The American Scholar

English 5522 - Literary Theory and Criticism

Reader or Writer?

Like Tompkins, I suffer from multiple literary personality. Sometimes I write as though I am an expert on some subject (More often than not, I write thus in order to scare away the demons that tell me I have no right to write anything at all). Other times, I write more tentatively, not knowing if what is going on inside my head can be adequately expressed on the page. Regarding Barthes and his essay on the murdered author, don't these voices of mine determine the overall outcome of my "work"? And if so, what does this mean for the poststructuralist who demands that the author should be stripped of any life from his contribution to his text? Mostly I think it is ironic that Barthes advocates such a heinous crime. For he is killing himself while he creates his own killer.

Okay, 'crime' is a strong word for something I don't fully understand. I will explore Barthes' text (or whoever's this is-maybe it's your text and mine since it belongs to the reader now) before I make a rash judgment.

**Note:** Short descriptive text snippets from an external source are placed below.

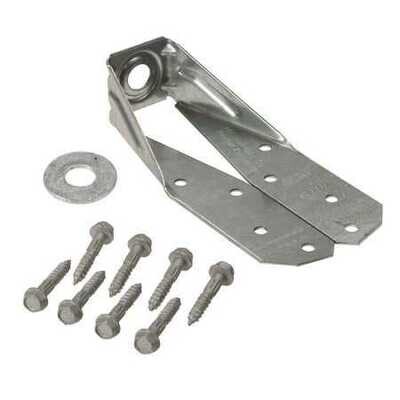 DTT2Z-SDS2.5 deck tension tie with included SDS screws.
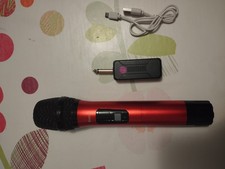 Microfoni wireless nuovi usato  Roma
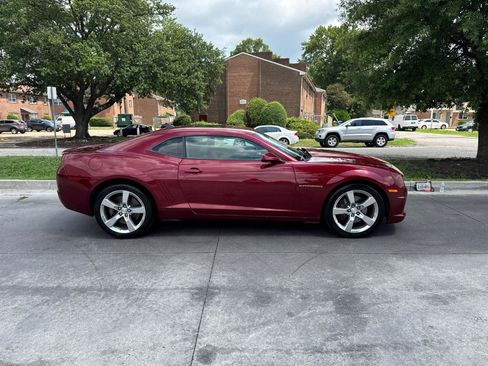 Used 2011 Chevrolet Camaro SS w/ RS Package RWD image 7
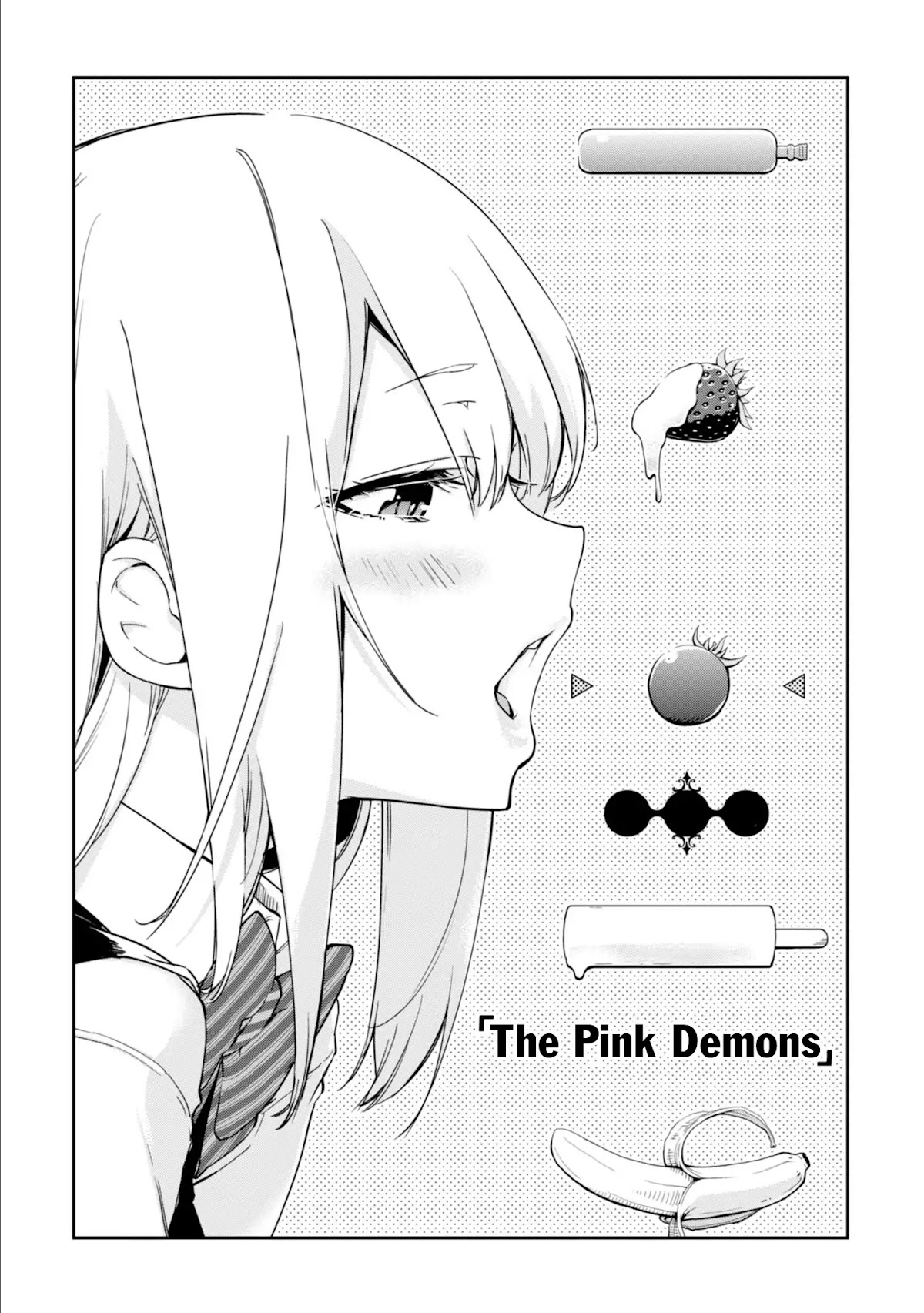 Oroka na Tenshi wa Akuma to Odoru Chapter 22 - Page 5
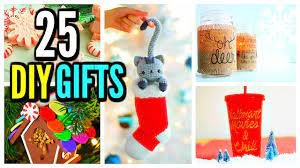 Or, get unique ideas for diy presents. 25 Diy Christmas Gifts Gift Ideas Christmas Crafts 2016 Youtube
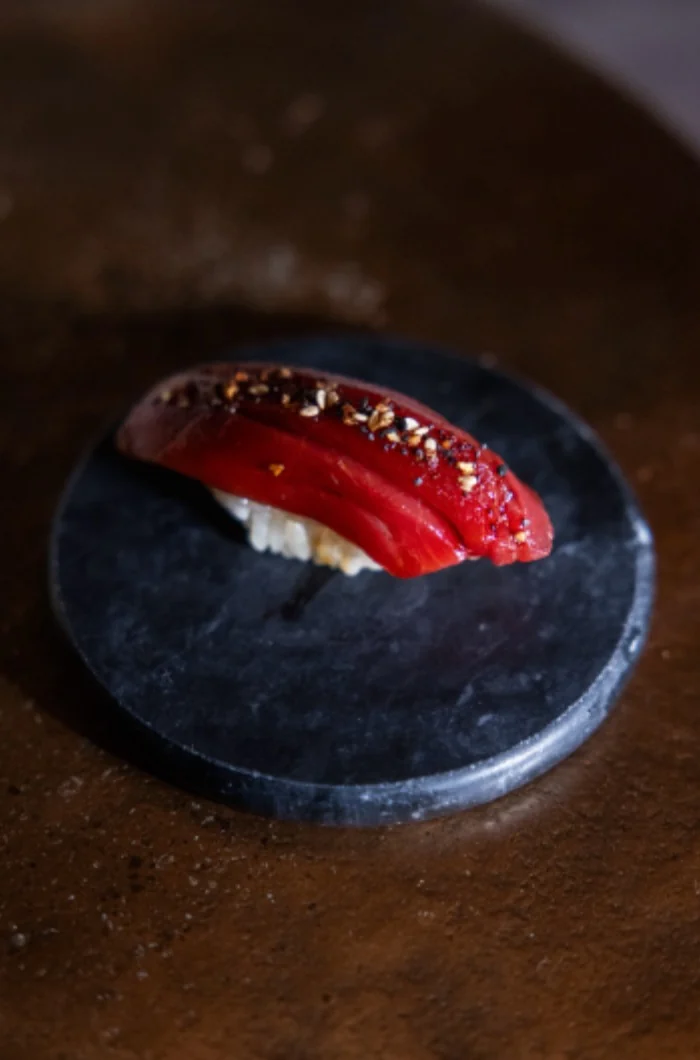 A course at Sushi | Bar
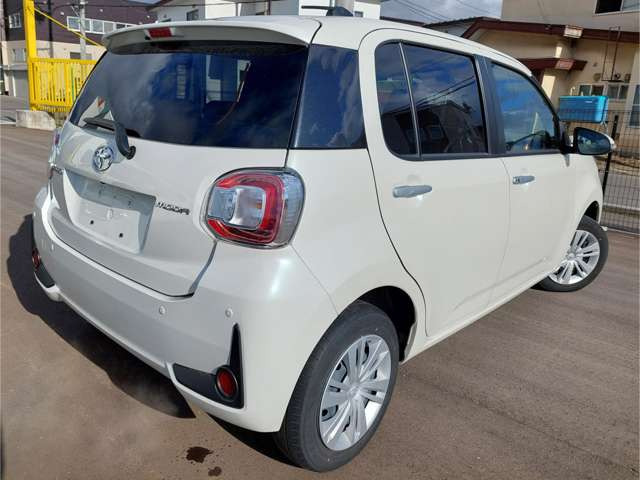 パッソ1.0 モーダ 4WD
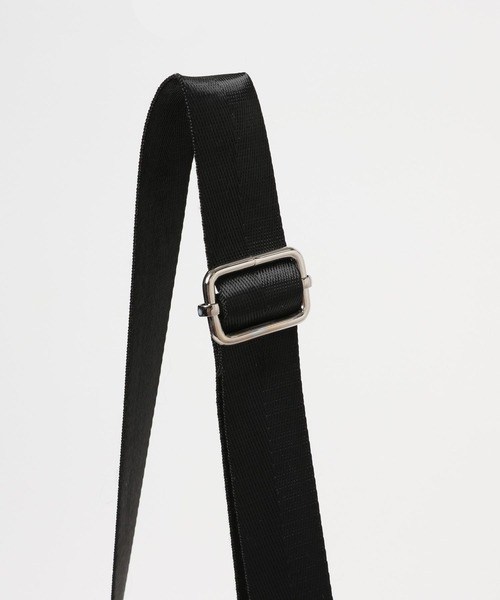 BAYFLOW（ベイフロー）の「ポップコーンラウンドショルダー（ハンドバッグ・レディース・ライトグレー/ブルー/ブラック・FREE）」の9枚目の写真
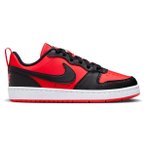 Nike - Kid's Court Borough Low Recraft - Sneaker 35,5 rot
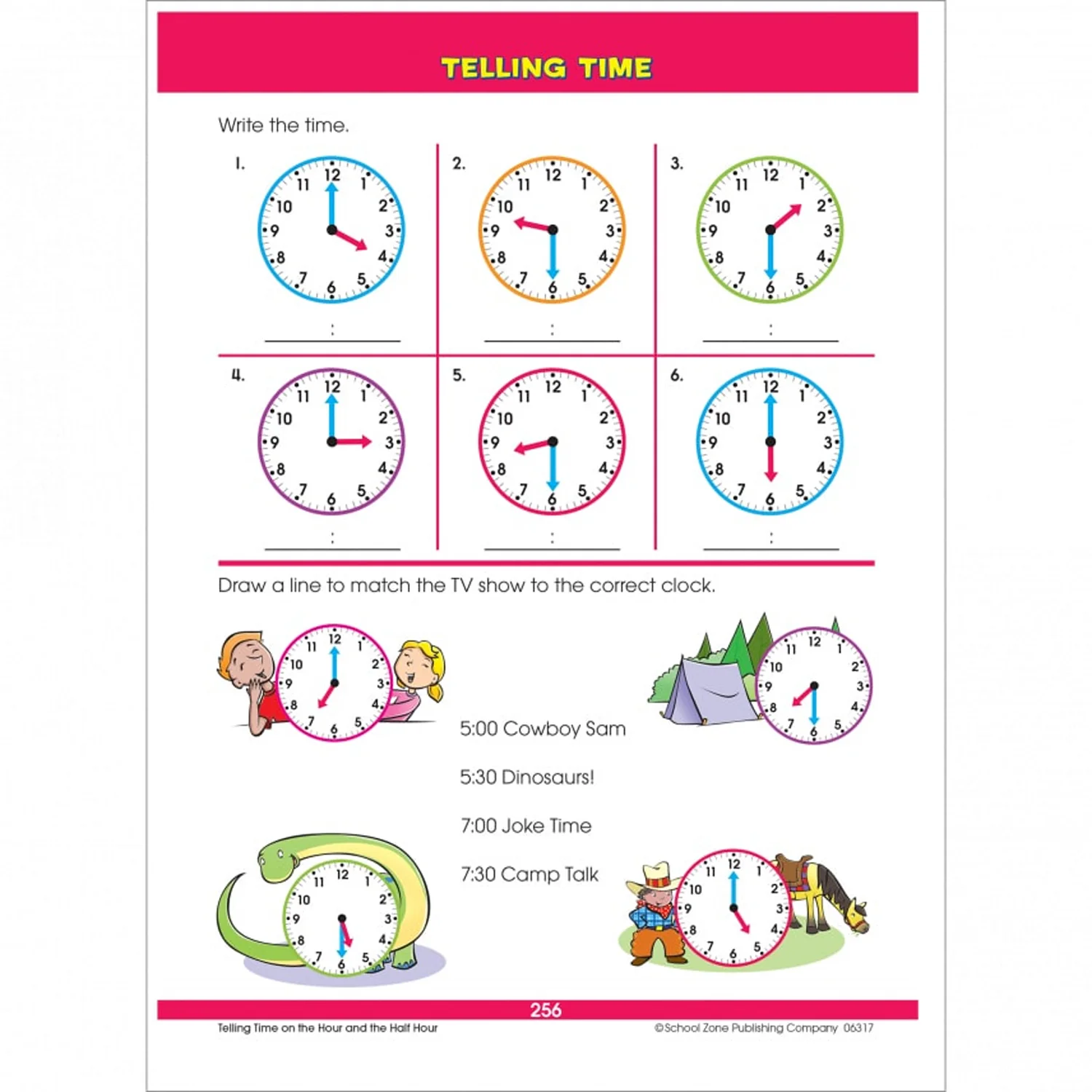 Big First Grade Workbook 06317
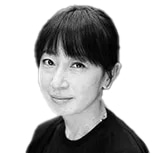 徳原文子さん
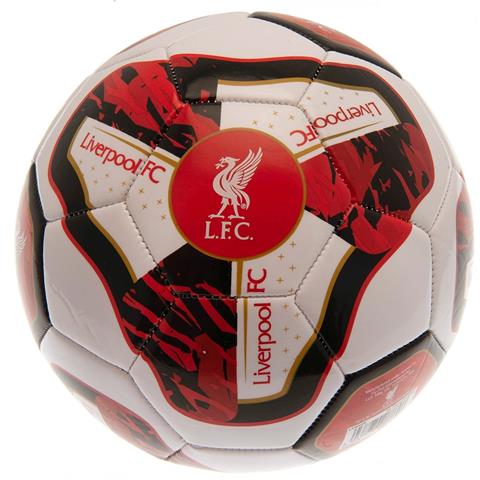 Liverpool F.C Tracer Size 5 Football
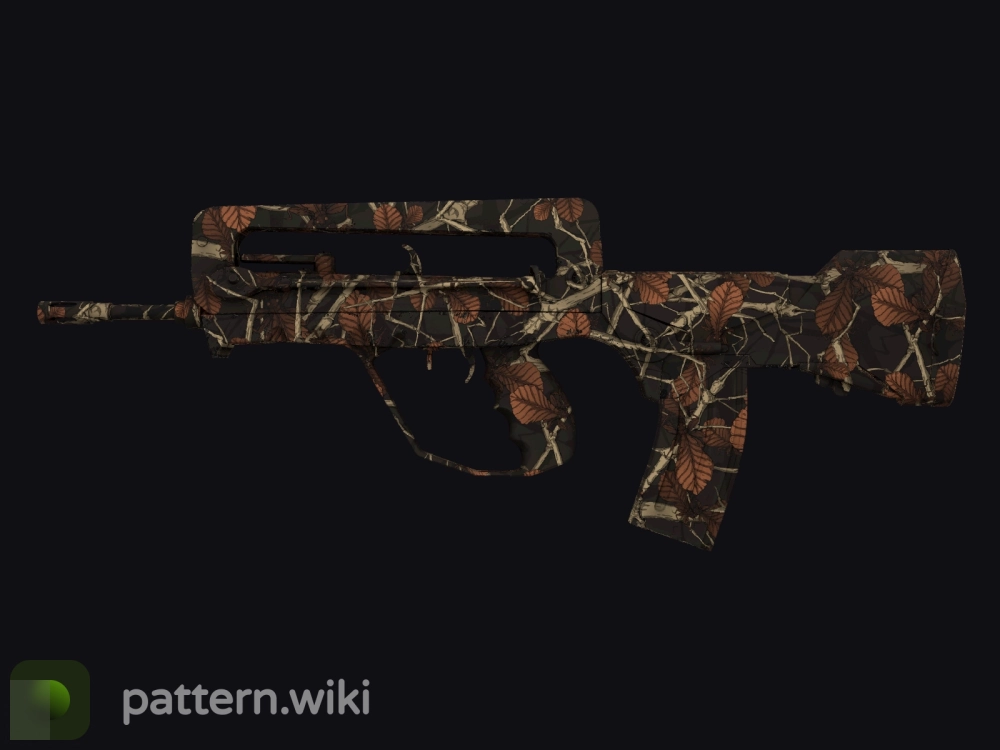 FAMAS Crypsis seed 381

Barthes' main argument is that in order to have an "effective, productive, and engaging reading of a text" you must also have a "suspension of preconceived ideas about the character of the particular author" (1459). Okay, I say, maybe. But when we read a passage that points to the author as the voice (for instance, in an autobiography), can we sever the text from its creator? And if text is a process (which I agree that it is) and a work is a product, then does the work inherently display or reflect the 'person' of the author? Barthes says that the author is also a product of sorts. He is a "product of [. . .] society," and his works display who he is in that regard (1466). I want to merge Barthes idea of author as 'product' with Foucault's idea of author as 'school of thought'. Aren't these the same thing? The only distinction that I can find is that the product is passive while the school is active. Both, however, are fed by experience.

Barthes also says that the "explanation of a work is always sought in the [one] who produced it" (1466). For Barthes, this should not necessarily be the case. Again, I say, okay, maybe I agree. So do we seek the explanation from the 'school' that the author has become? Or do we seek wisdom from some other source, unrelated to the text at hand? To me, this would seem absurd.

So the text lives without the author. It is the "language which speaks, not the author" (1467). Language is the actor, the performer. But I am forced to look backward to a cause. What is the language acting out? What is it that it performs? Does it perform wisdom? An ideology? And if so, where does this wisdom originate?

Proust, it seems, intentionally murdered himself as he shrouded his influence into obscurity in the manner in which he wrote his characters. But why? Can the reader and writer not co-exist? I guess this is my real issue with Barthes. He wants the reader to be the authority (notice the root for authority-maybe this is why he wants to discredit this sign for what it signifies???), saying that significance or "unity" in the text comes "not in its origin but in its destination" (1469). In fact, Barthes goes as far as to say that "the birth of the reader must be at the cost of the death of the Author" (1470). Please tell me there is someone else out there who does not agree with this statement.

One other thing (since I seem to be over my 500 words, sorry). He says, "To give a text an author is to impose a limit on that text" (1469). I don't think this is necessarily so, but if it is, it is so far the best excuse for the murder.